Grant had just made a smashing film debut in William Wyler’s 1951 drama “Detective Story” when she spoke at the funeral of the actor J. Edward Bromberg, noting that the stress of being called before the House Un-American Activities Committee most likely led to his early death. For the next 10 years, she was blacklisted as a suspected communist, even though she wasn’t ideological. “I married a communist writer,” she explained, adding that it was the intellectual engagement of her first husband, Arnold Manoff, and his friends that attracted her. “I hadn’t become a communist because I didn’t understand it.”
Grant received her first Oscar nomination for her poignantly funny performance in “Detective Story.” But the career that should have taken off was effectively destroyed. (“I’d been blacklisted from the time I was 24 until the time I was 36,” she noted, “which is really a Hollywood actor’s lifetime in film.”)
For the next decade she worked when she could, in theater and occasionally TV, until she was hired on the hit soap opera “Peyton Place.” As the blacklist began to loosen and eventually disappear, she said “yes to everything,” to quote the title of her memoir. Grant’s insatiable appetite for work allowed her to work with some of the era’s most legendary directors, including Hal Ashby (“The Landlord,” “Shampoo”), and do some of the era’s most fabulous schlock.
She still cracks up remembering her big line in the 1978 disaster flick “The Swarm,” in which she played a TV news reporter: “The bees are coming!” She laughed so hard doing the scene that the director made her go collect herself. “It was the funniest lowest point,” she recalled, “and I was absolutely grateful for the chance to do it and bring home the paycheck.”
By then, Grant had enrolled in the American Film Institute’s newly minted Directing Workshop for Women, where she gravitated toward adaptations of August Strindberg (“The Stronger”) and Tillie Olsen (“Tell Me a Riddle”). In 1979, she began filming her first documentary, “The Willmar 8,” an account of women going on strike against the bank where they work in a small Minnesota town. It was the astonishingly assured debut of a natural documentarian; Grant won another Oscar for directing “Down and Out in America,” her 1986 film about the social, economic and political fallout of the Reagan era, that kicks off AFI Silver’s six-week series.
Those films also exemplified an oeuvre that gravitated toward tough, issue-oriented investigations of everything from poverty and inequality to sexual orientation and women’s issues. And all reflected a singular style, one that combined Grant’s native curiosity with disarming intimacy and compassion.
“Maybe because of my background as an actor, I so identify with who I’m talking to and what’s coming at me,” she explained. “Whatever style there is comes out of my identification with what’s being said to me.”
Perhaps most meaningfully, Grant never appears on screen in her documentaries, and only rarely allows her voice to be heard. Rather, her subjects and the films themselves become her emotional instrument. Even after her heady days of near-constant work in Hollywood, it wasn’t until she began to direct that she truly found the voice that had been silenced decades ago.
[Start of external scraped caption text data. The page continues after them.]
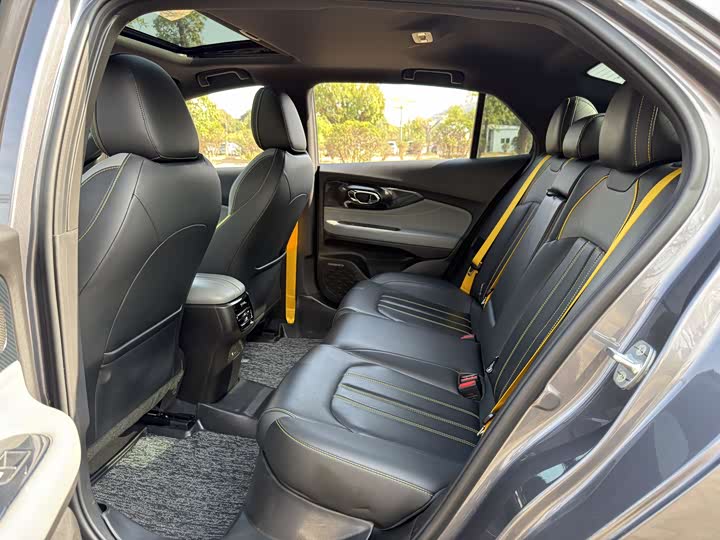 Фото 6 - GAC Trumpchi Empow R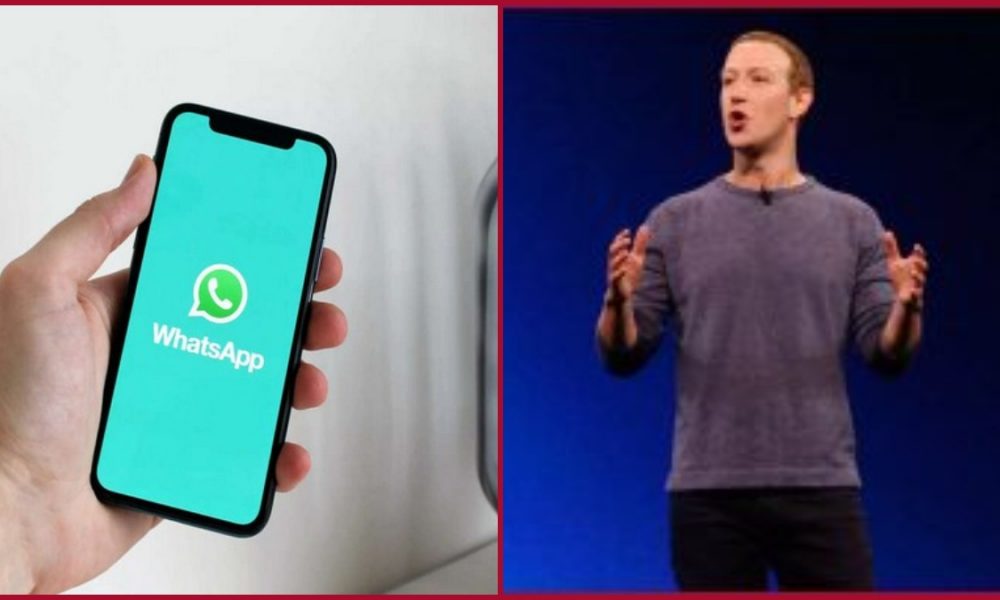 Mark Zuckerberg launches ‘Chat Lock’ feature on WhatsApp to protect conversations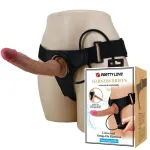 Kyton Arnés con Dildo Función Squirting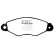 Jeu de plaquettes de frein EBC Ultimax2 DP1136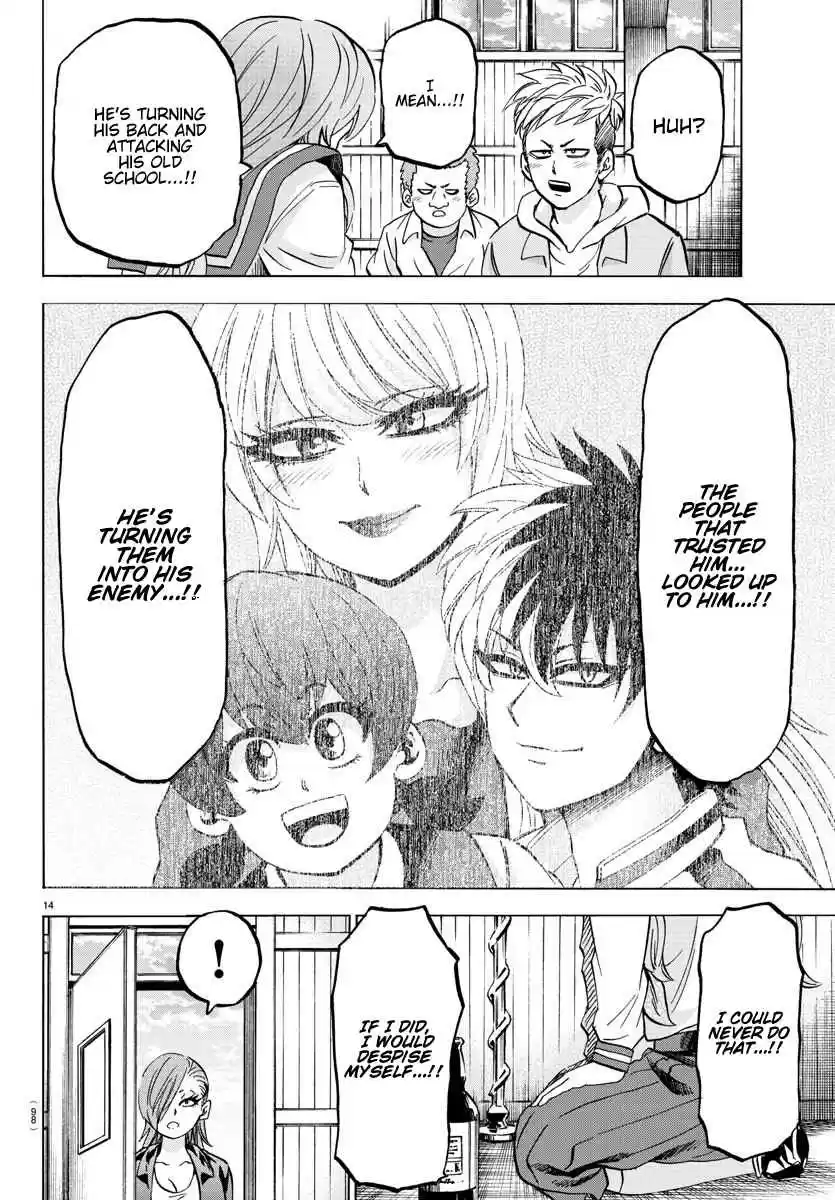 Rokudou no Onna tachi Ch. 145 What is a Man?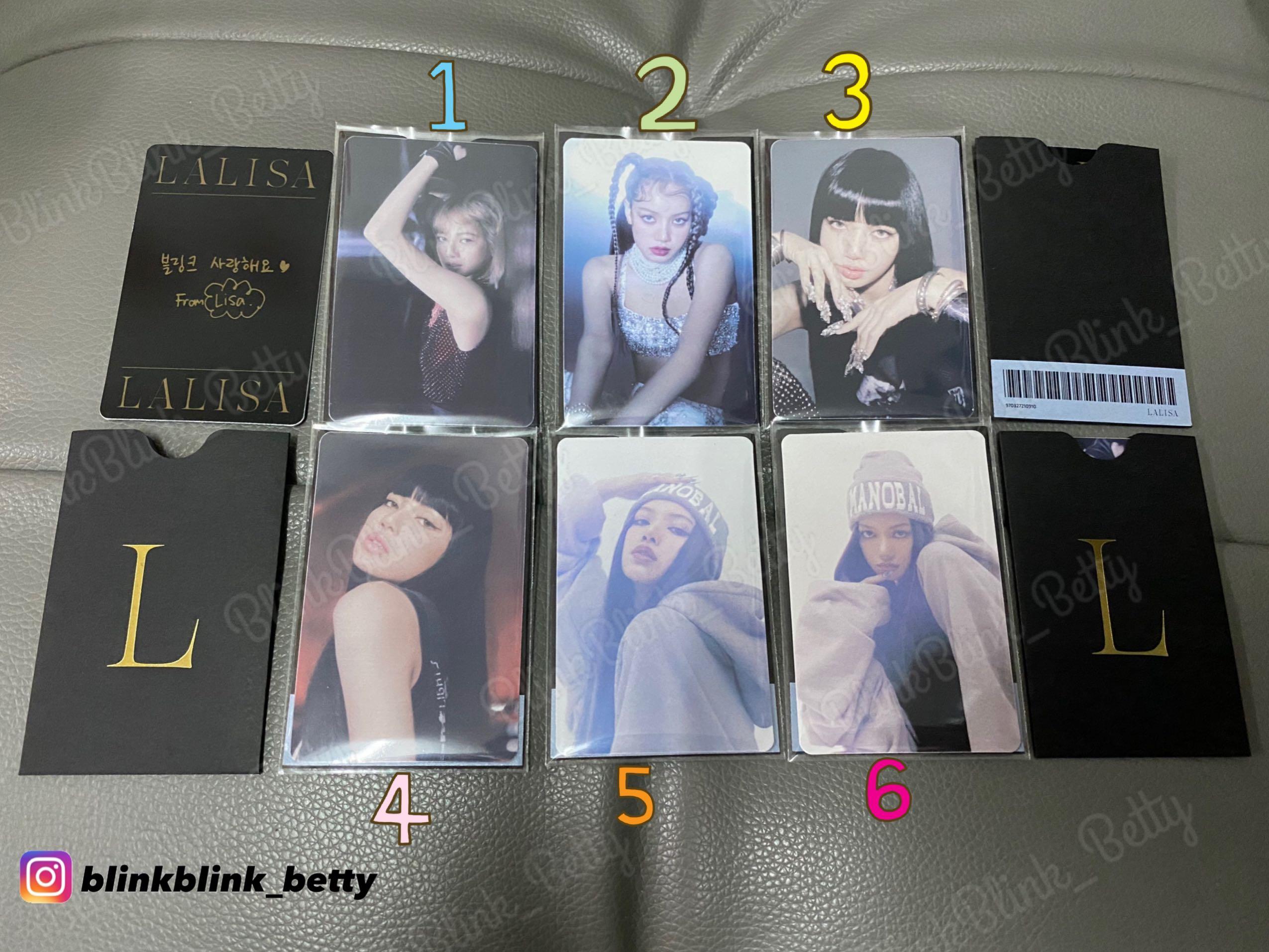 現貨 Yg Select特典 絕版lisa Solo Album Lalisa Md 週邊商品隨機yg特典blackpink 興趣及遊戲 收藏品及紀念品 韓流 Carousell 現貨 Yg Select特典 絕版lisa Solo Album Lalisa Md 週邊商品隨機yg特典blackpink 興趣及遊戲 收藏品及紀念品 韓流 Carousell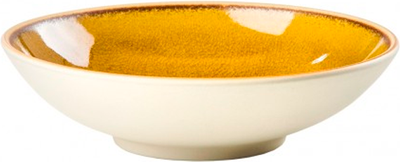 Тарелка столовая глубокая Jars Caramel Tourron 372932 - 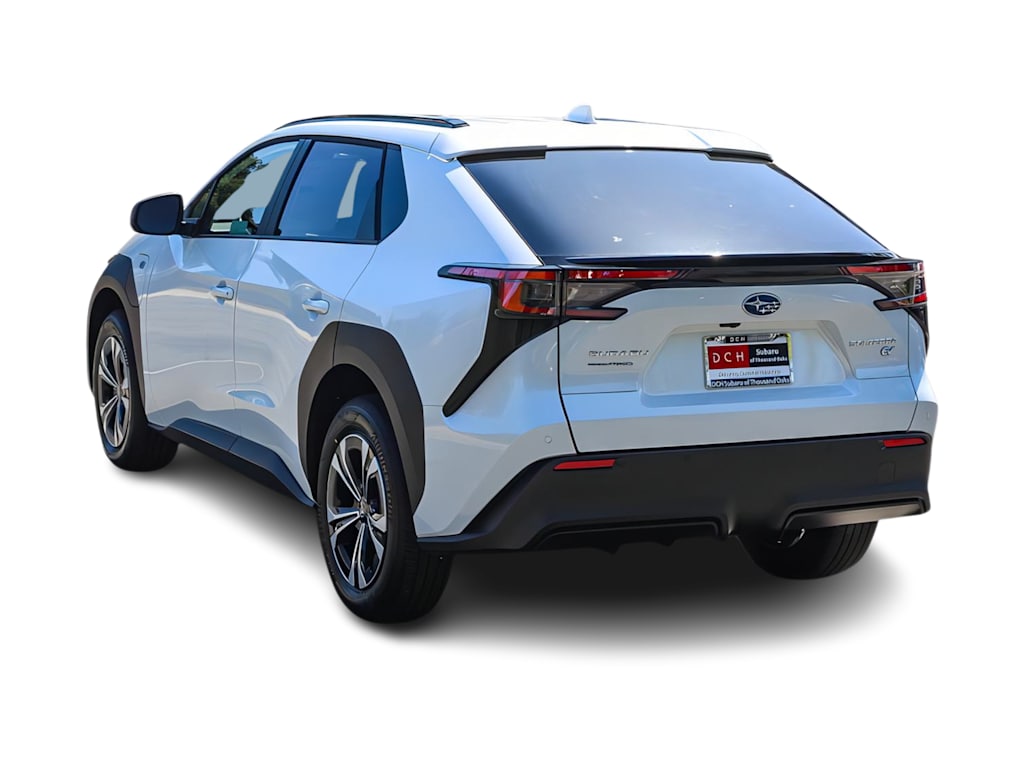 Thumbnail: 2025 Subaru Solterra - 3
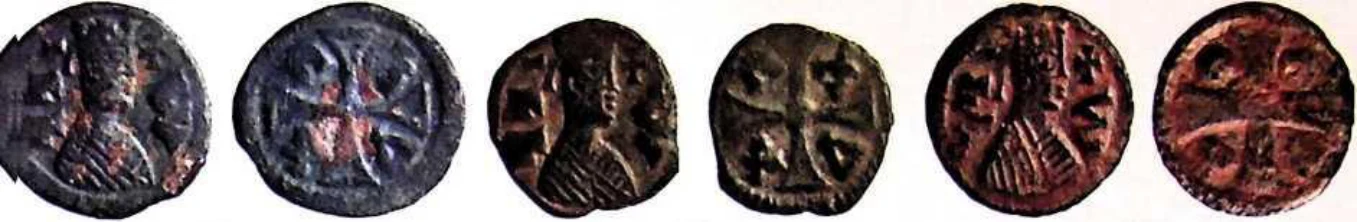 Sylloge of Aksumite Coins in the Ashmolean Museum, Oxford — illustration 1, PDF page 144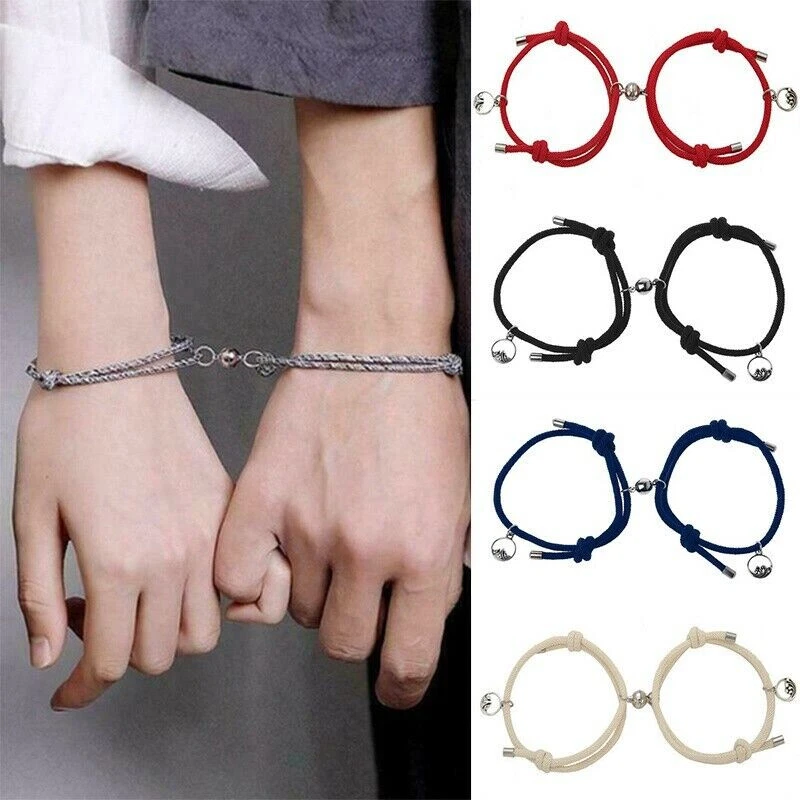Couple bracelet shopee sale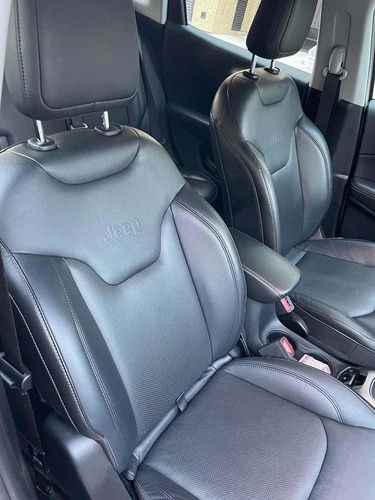Jeep Compass 2019 2.0 Longitude Flex Aut. 5p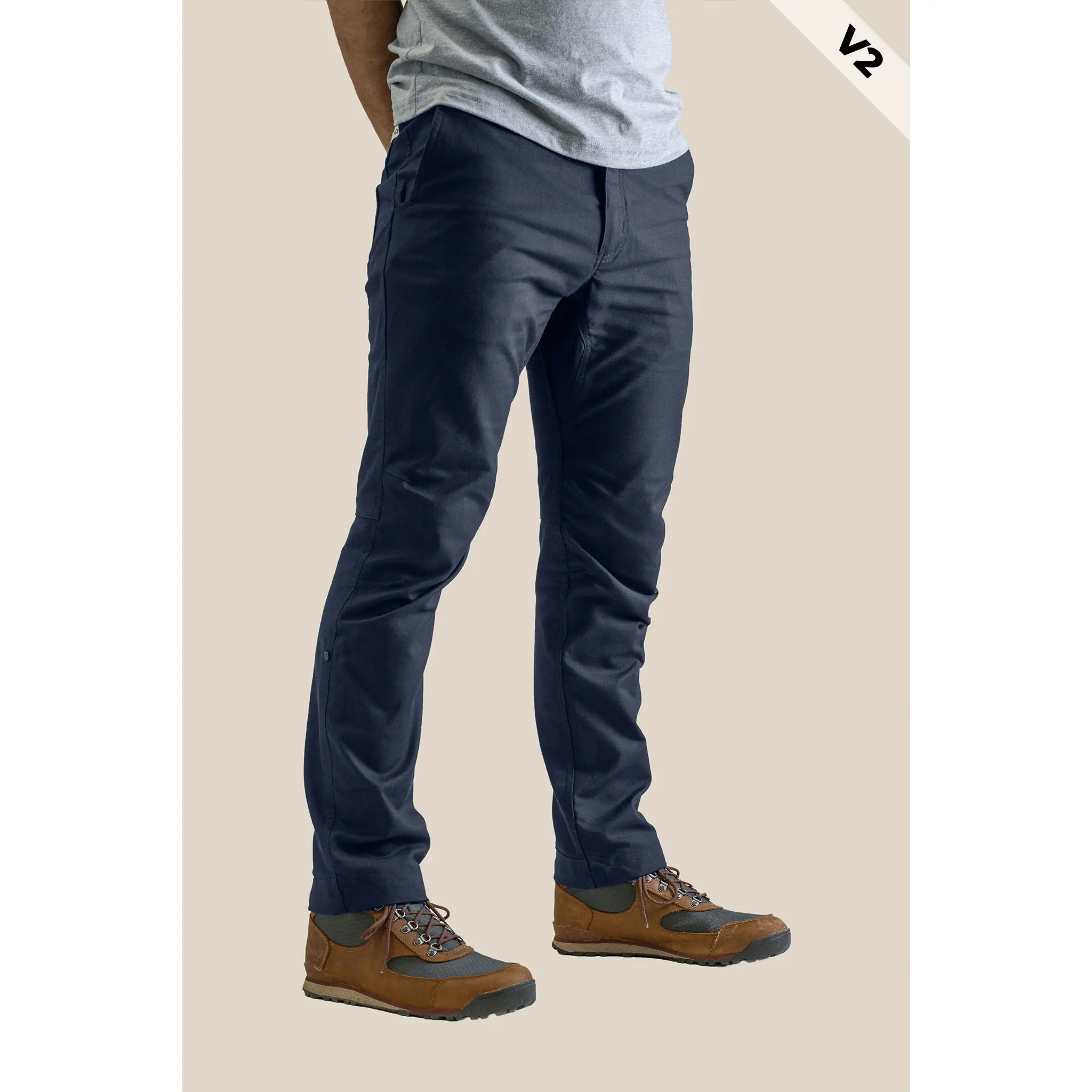 Flex Canvas Pants V2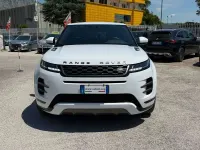 Usata Land Rover Range Rover evoque R-Dynamic 150 CV (110 kW) 2019 Bianco SUV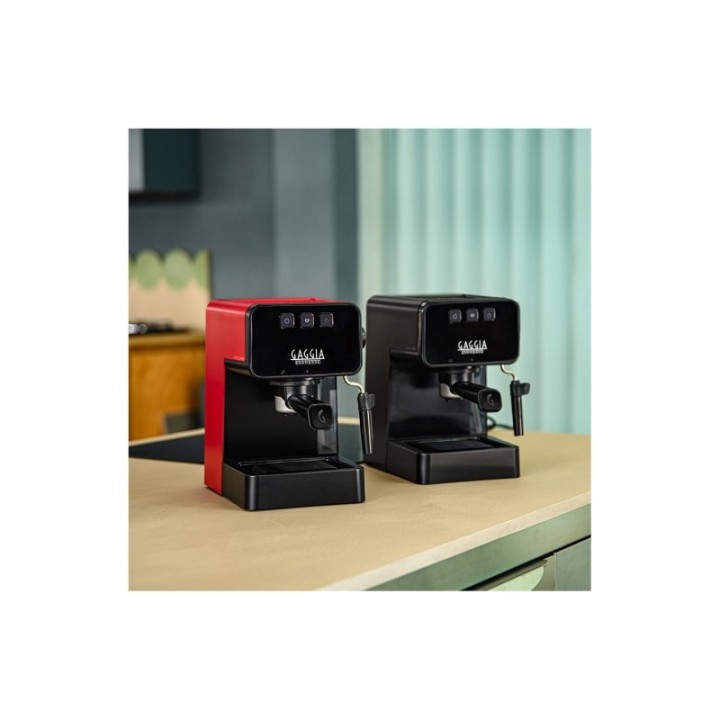 Gaggia Espresso Evolution Red Espresso Machine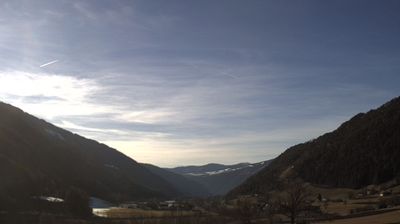 immagine della webcam nei dintorni di Marebbe: webcam San Sigismondo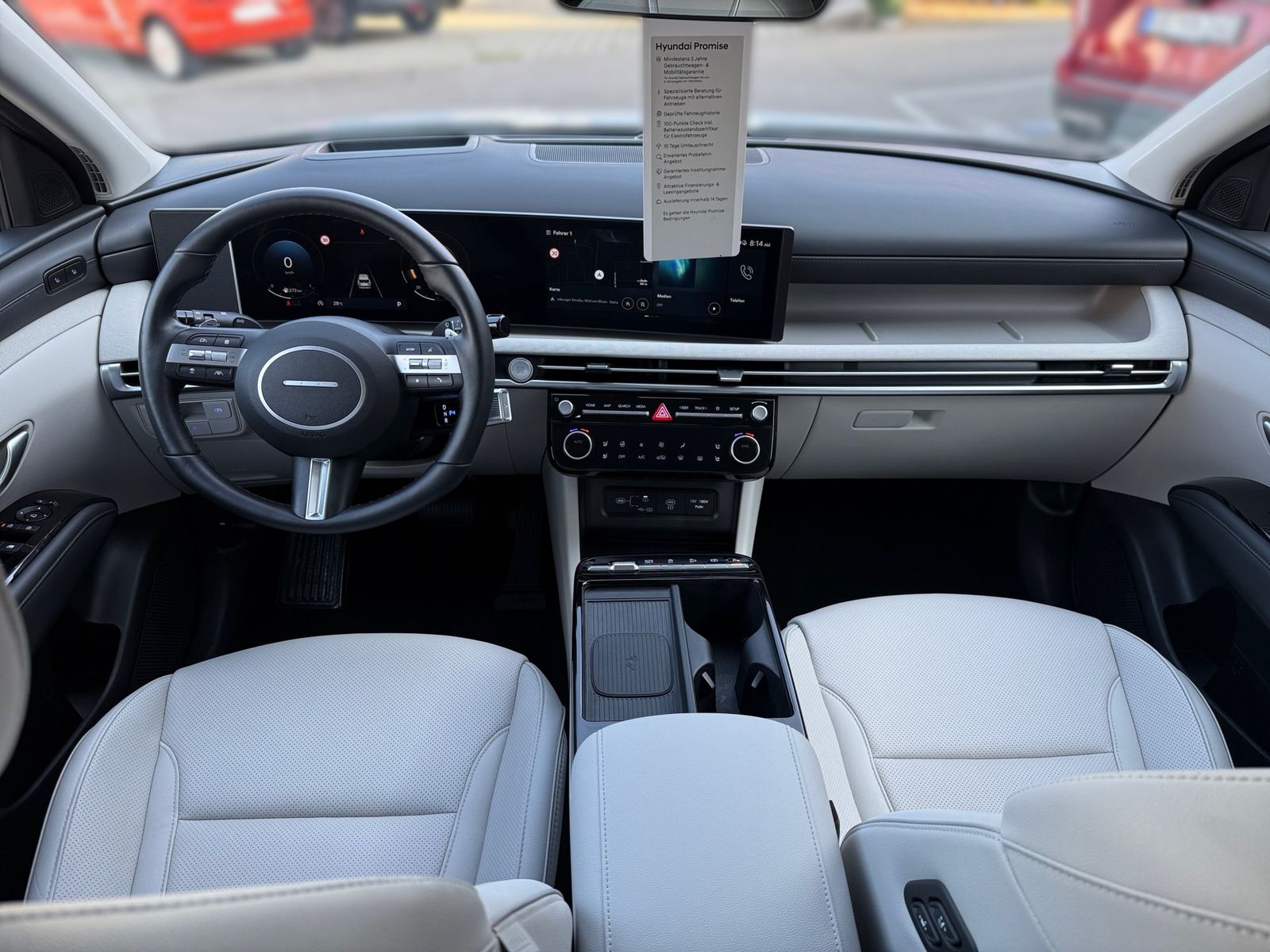 Hyundai Tucson – Bild 15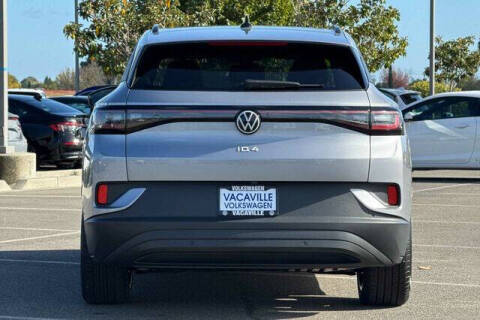 2025 Volkswagen ID.4 Pro S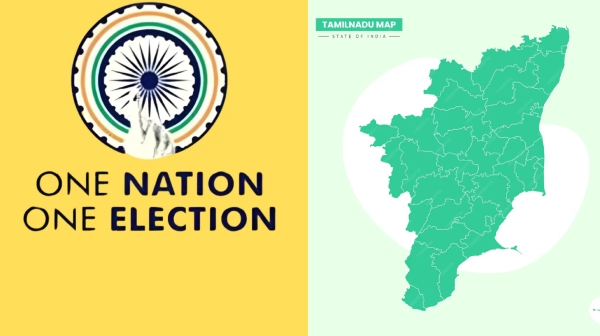 one nation one election parliament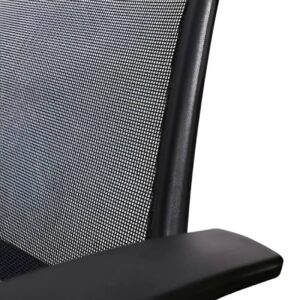 صندلی چهار پایه چرخدار مدل Q46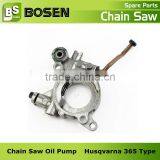 65cc 3.4KW 365 Chain Saw Oil Pump of Hus 365 Chain Saw Spare Parts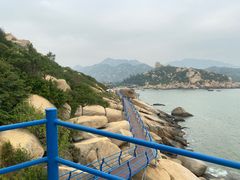 -那琴半岛地质海洋公园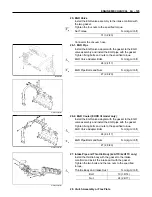 Preview for 147 page of Isuzu 4ja1 Workshop Manual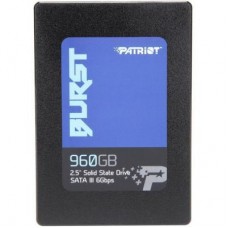 Накопитель SSD 2.5" 960GB Patriot (PBU960GS25SSDR)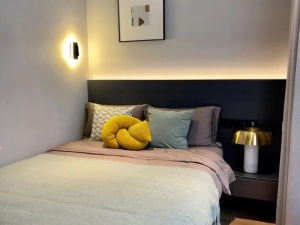 佳源酃湖都市 1室1厅 46㎡ 整租衡阳珠晖区酃湖万达广场租房图片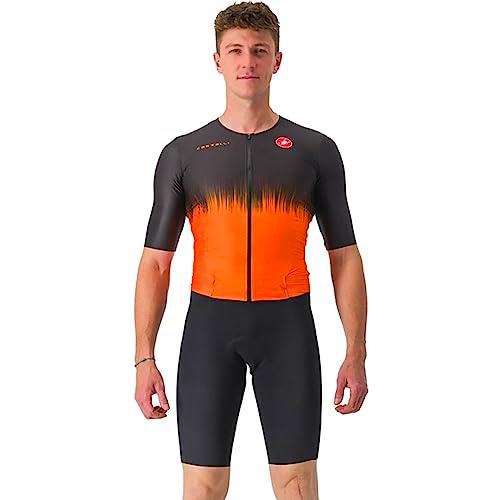 CASTELLI 8623079 SANREMO ULTRA S.SUIT Men's Body Black L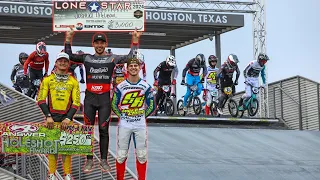 MY FIRST PRO PODIUM! // 2024 Lone Star Nationals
“I’d had to shut up for so long,” she said, describing the paranoia and paralyzing self-doubt that she suffered while being blacklisted. “You’re worried that if you open your mouth, somebody’s name is going to come out and hurt them. So getting to do documentaries was such a door [swinging] open for me. I could ask anything, I could say anything and I could address some of the things I felt deeply about in a very real way.”
Correction: A previous version of this report misidentified actor J. Edward Bromberg.